Exemplary images of mNG-β1 cells coexpressing the GA marker mRuby2-Golgi-7 (GalT). Intensity line profiles depict fluorescence intensity normalized to the maximum value in each channel; scale bars are 5 μm.
Figure 3 with 7 supplements
Endogenous G proteins colocalize with markers of endosomes and lysosomes.

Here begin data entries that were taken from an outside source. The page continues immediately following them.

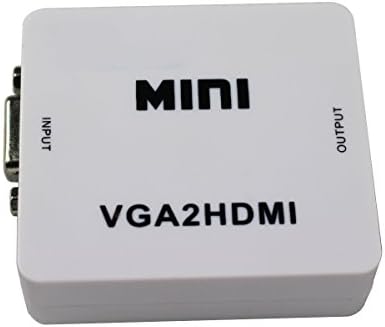Mini 1080P VGA to HDMI adapter Converter VGA2HDMI Converter Connector with Audio for PC Laptop to HDTV Projector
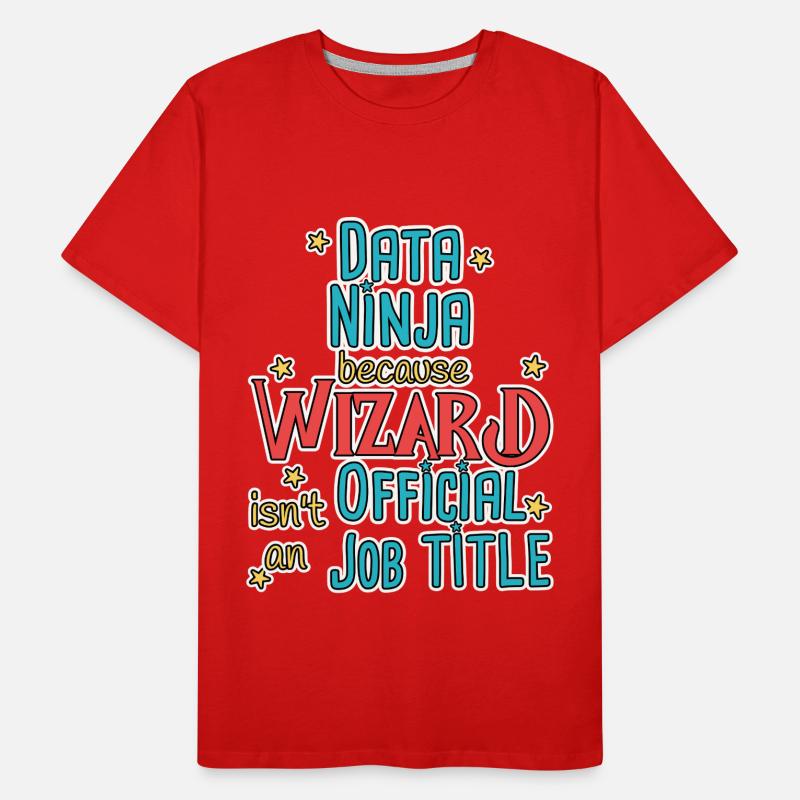 Assistant Data Ninja T-shirt bio Premium Homme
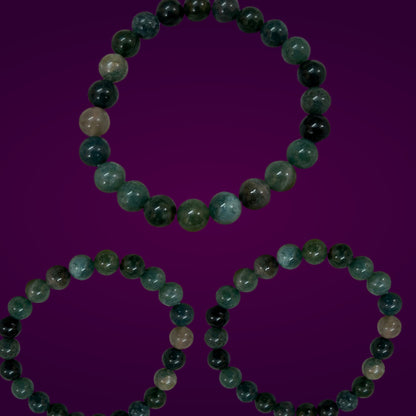 Moss Agate Bracelet for Health Related Problems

(A) mNG-β1 colocalizes with expressed markers of early endosomes (EE; FYVE and rab5a), recycling endosomes (RE; rab11a), late endosomes (LE; rab7a) and lysosomes (lyso; LysoView 633); intensity line profiles depict absolute fluorescence intensity in each channel; scale bars are 5 μm. (B) Mean mNG-β1 fluorescence intensity line profiles drawn across the plasma membrane (PM) and FYVE-positive vesicles; mean ±95% CI; n=40 vesicles/cells. (C) mNG-β1 signal/background ratios for regions of interest surrounding the plasma membrane (PM; n=99), FYVE-positive (n=125) and rab5a-positive (n=56) early endosomes, and rab7a-positive (n=26) late endosomes; horizontal lines represent the median. (D) Bystander net BRET signals between HiBit-β1 and Venus-tagged markers of the plasma membrane (PM), endoplasmic reticulum (ER), mitochondria (MT), early endosomes (FYVE and rab5a), recycling endosomes (rab11a) and late endosomes (rab7a); horizontal lines represent the median; n=5–7 independent experiments.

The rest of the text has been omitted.